Dem Team des Labors für grundlegende Biophotonik (LBP) an der Fakultät für Ingenieurwissenschaft und Technologie (STI) ist es gelungen, diese Potenzialveränderungen und den Ionenfluss durch eine Analyse des Verhaltens der Wassermoleküle im Umfeld der Neuronen zu beobachten. Die in der Fachzeitschrift Nature Communications vorgestellte Methode wurde erfolgreich in vitro an Neuronen von Mäusen getestet.

«Die Forscherinnen und Forscher des LBP schlagen hingegen vor, die elektrische Aktivität einfach durch die Beobachtung der Interaktionen zwischen den Wassermolekülen und der Neuronenmembran zu überwachen.»

Verzicht auf Elektroden und Fluorophore

Die elektrische Aktivität der Neuronen sagt viel über zahlreiche Vorgänge in unserem Gehirn aus. Sie erlaubt Aussagen darüber, ob ein Neuron aktiv oder im Ruhezustand ist oder ob es gut auf ein Medikament anspricht. Bisher erfolgte die Beobachtung der Neuronen mithilfe von Fluorophoren oder Elektroden an der zu überwachenden Stelle. Fluorophore sind allerdings toxisch, und Elektroden können die Neuronen schädigen.

Die Forscherinnen und Forscher des LBP schlagen hingegen vor, die elektrische Aktivität einfach durch die Beobachtung der Interaktionen zwischen den Wassermolekülen und der Neuronenmembran zu überwachen. «Die Neuronen sind von Wassermolekülen umgeben. Letztere ändern je nach elektrischer Ladung ihre Ausrichtung», erklärt LBP-Leiterin Sylvie Roke. «Wenn sich das Membranpotenzial verändert, wechseln einige Moleküle ihre Ausrichtung, und wir können das sehen.»

Die Forscherinnen und Forscher erzeugten für ihre Studie absichtlich Veränderungen im Membranpotenzial, indem sie die Neuronen einem hohen Zustrom an Kaliumionen aussetzten. Beim Kontakt öffneten sich die Ionenkanäle an der Oberfläche der Neuronen, die das Membranpotenzial ausgleichen sollen, um die Ionen hineinzulassen. Anschliessend stoppten die Wissenschaftler den Zufluss, worauf die Neuronen die vorher eingedrungenen Ionen wieder freigaben.

Um diese Aktivität zu beobachten, richten die Forscher zwei Laserstrahlen der gleichen Frequenz auf die Fettmembrane der im Wasser schwimmenden Neuronen. Die übereinandergelagerten Laserstrahlen bestehen aus Femtosekundenimpulsen, die dank einer durch den Physiknobelpreis 2018 ausgezeichneten Technologie erzeugt werden, damit die Wassermoleküle in der Nähe der Membran als Frequenzverdopplungslicht Fotonen mit doppelter Frequenz freisetzen.

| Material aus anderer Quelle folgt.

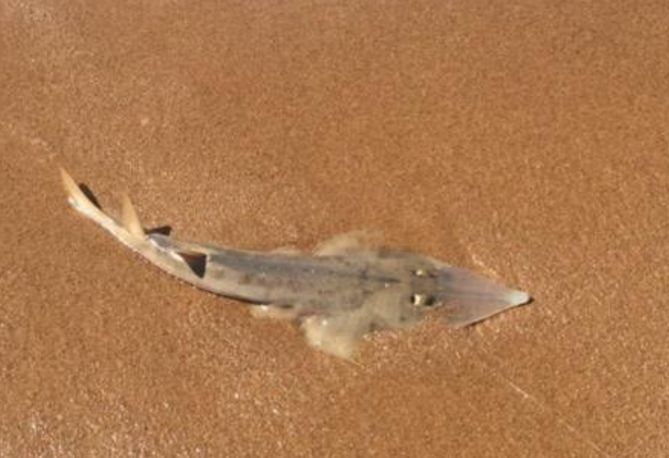 它们是鱼却生活在沙漠中,干旱炎热无法打败它,现在危机重重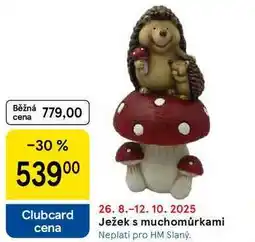 Tesco Ježek s muchomůrkami nabídka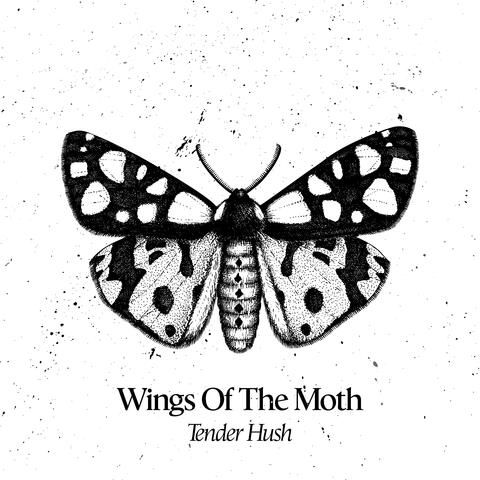 Wings Of The Moth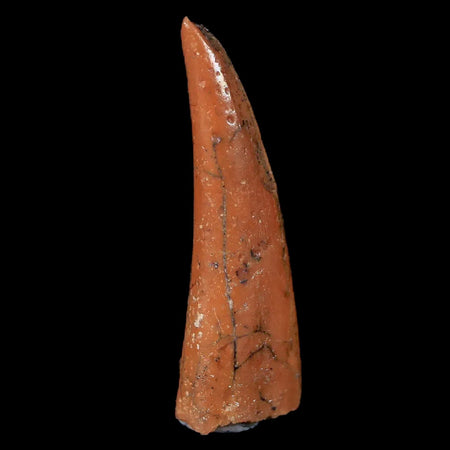 0.8" Pterosaur Coloborhynchus Fossil Tooth Upper Cretaceous Morocco COA & Display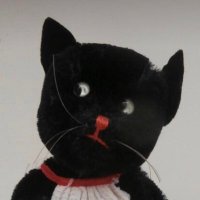 43 (@43sasam) 's Twitter Profile Photo 43 (@43sasam) 's Twitter Profile Photo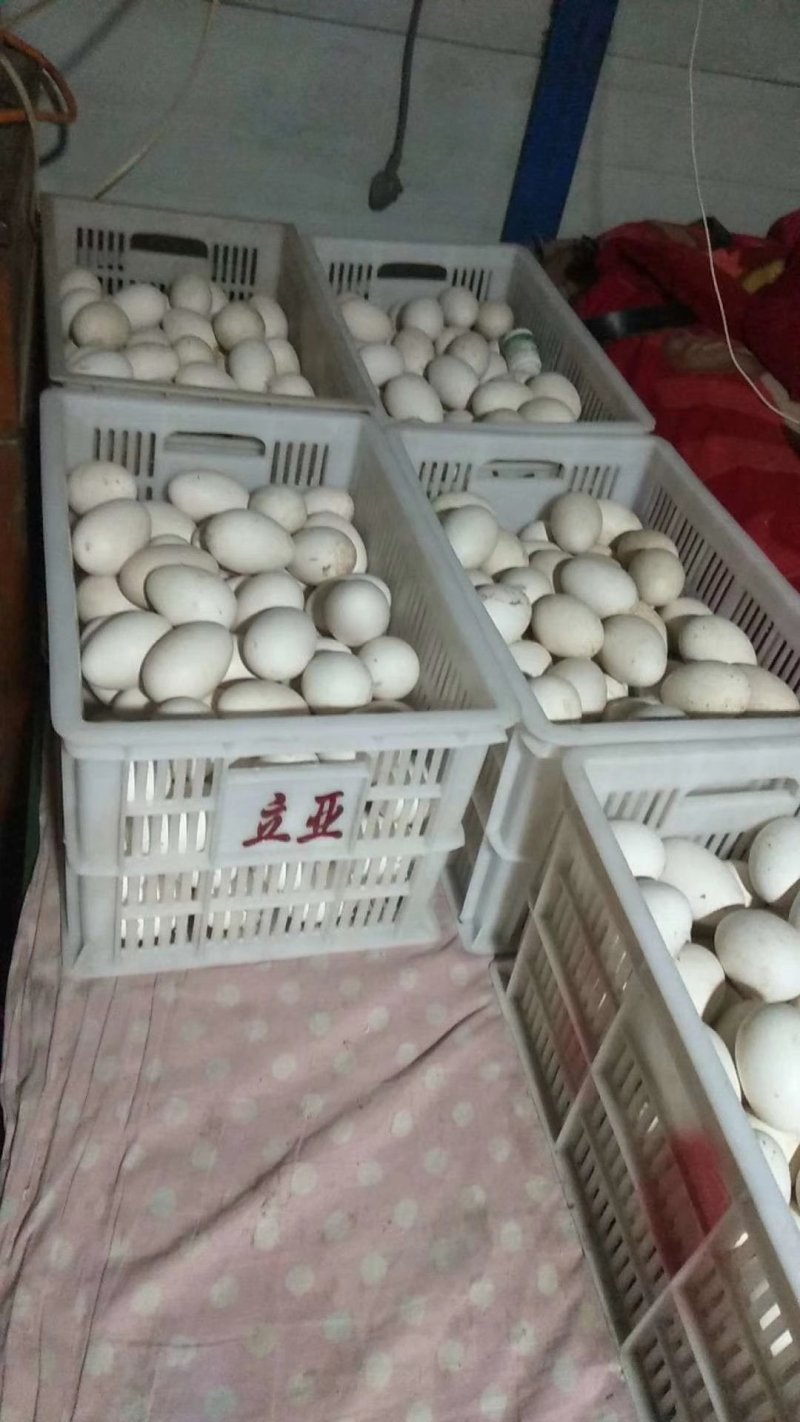 种蛋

«Wir denken, dass sich diese Arbeit sowohl auf die Grundlagen- als auch die angewandte Forschung auswirken wird. Sie kann uns helfen, die Mechanismen im Zusammenhang mit der Übertragung von Informationen im Gehirn zu verstehen, könnte aber auch die pharmazeutischen Unternehmen interessieren, die Produkte in vitro testen möchten», erklärt die Forscherin. «Wir haben auch gezeigt, dass wir ein einzelnes Neuron oder mehrere Neuronen gleichzeitig untersuchen können.»